Costco’s Weak Earnings Will Send Shares Lower
Costco (NASDAQ:COST) on Thursday reported its second-quarter 2014 earnings, and it wasn’t a pretty picture. While the company’s sales rose from $24.3 billion to $25.8 billion, profits fell from $547 million to $463 million due to lower margins. What’s worse is the fact that the company’s growth is slowing considerably. Year-over-year sales growth has slowed from 14 percent (2011 versus 2010) to 11 percent (2012 versus 2011) to 6 percent (2013 versus 2012). While it seems to have stabilized at 6 percent for now, shrinking margins really highlight the longer-term trend.
The fact of the matter is that Costco is getting larger and it is becoming harder for the company to grow. The company does a really good job as a retailer in that it fulfills a particular market niche and it does so better than any other company. Namely, it provides everyday consumers with the opportunity to buy bulk goods inexpensively. But clearly it is having trouble attracting new customers. While it grew its same-store sales in the United States by 4 percent year over year, same-store sales were flat internationally. A lot of this international weakness was due to a strong dollar, and Costco’s news release emphasizes this point. Still, the company reported a bad quarter, and the stock fell 3 percent to reflect this fact.
There is no doubt that the company is struggling to grow its top-line figures, and its bottom line is shrinking. I think this says a lot about not just Costco but the retail environment in general. We are seeing weakness out of several retailers, from Wal-Mart (NYSE:WMT) to the struggling J.C. Penney (NYSE:JCP). Consumers have less disposable income, and companies like Costco are suffering the consequences.
Despite this fact, Costco trades at a rich valuation — 25 times earnings and 4.5 times book value. This is more or less in line with the S&P 500, but when we think of a company trading at 25-times earnings, we expect to see growth on both the top and bottom lines, and we aren’t seeing this. I think other investors are seeing this too, and they are selling off the shares.
Costco stock peaked at an all-time high of $126 per share in November, and while it rebounded from the $110-per-share level, the sharp decline on Friday on volume of nearly 9 million shares tells me that we are seeing the beginning phases of a daunting technical pattern of lower highs and lower lows. Furthermore, there is no long-term technical support until we get to about $70 per share, which means we can see a nearly 40 percent decline.

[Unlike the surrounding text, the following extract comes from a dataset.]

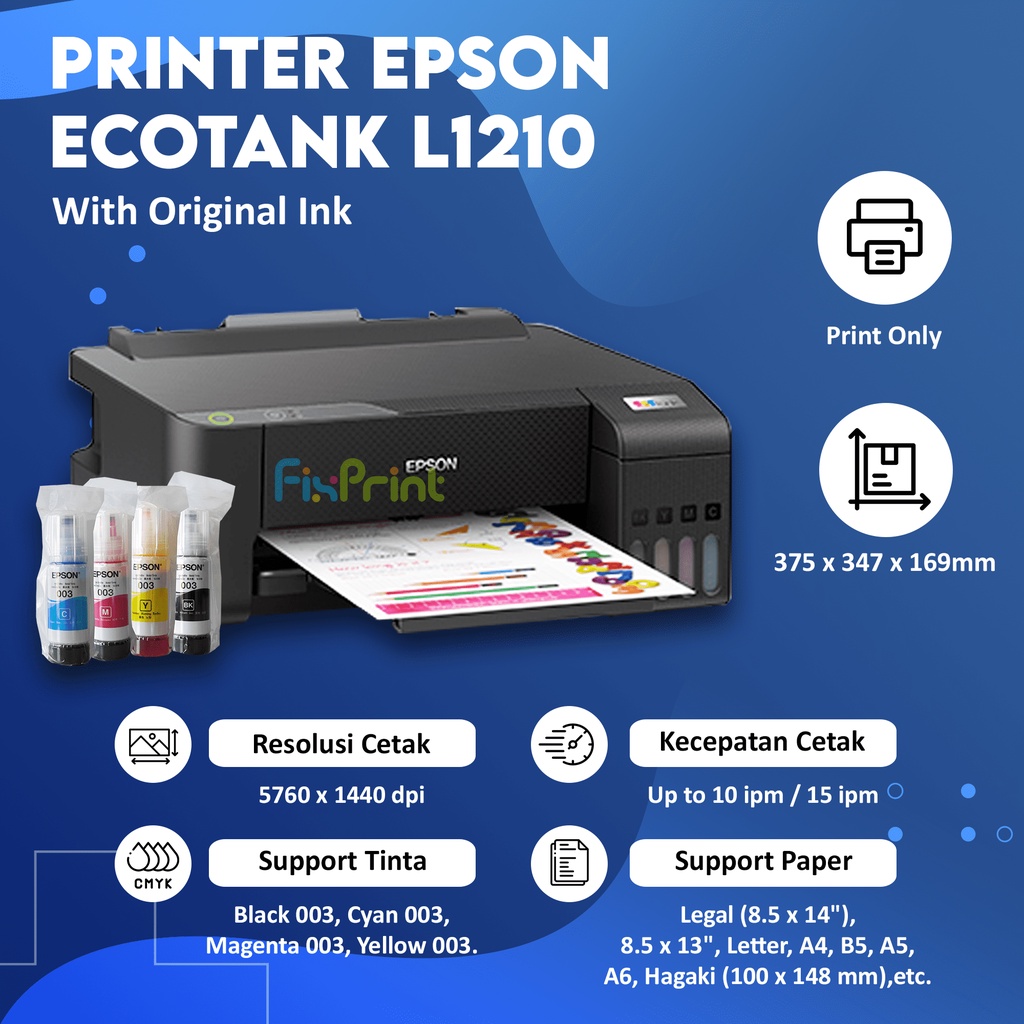 Printer Epsn L1210 Pengganti L1110 Print Only Black Tinta 003 C13T00V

That would take us to a price-to-earnings ratio of about 15, which seems much more reasonable assuming management can reverse the decline in margins. A 15 P/E ratio is appropriate for a large company with slow to moderate growth, which is the sort of investment Costco will likely be going forward.
Therefore, I think investors should consider selling their Costco shares. The rapid growth period we saw from the lows hit during the financial crisis through 2012 is clearly over, and the stock is extremely vulnerable to the downside. Value investors will likely not want to get involved until we see a price point of around $70 per share. Growth and momentum traders, who drove the shares up to mid- to high-20s P/E ratio, have no reason to continue buying the stock and several reasons to sell it. This means that in all likelihood the shares are headed lower.
To end on a positive note, I want to point out that Costco is one of the better retailer investments out there even, if investors should wait before entering. I don’t buy retail stocks given how competitive the retail space is, but if I chose to break that rule (which is by no means set in stone), Costco would be near the top of my list of retailers to own. As I have already mentioned, it is the one company that consumers go to in order to buy bulk goods inexpensively, and this gives Costco an intrinsic advantage and a necessary role in the marketplace for the foreseeable future.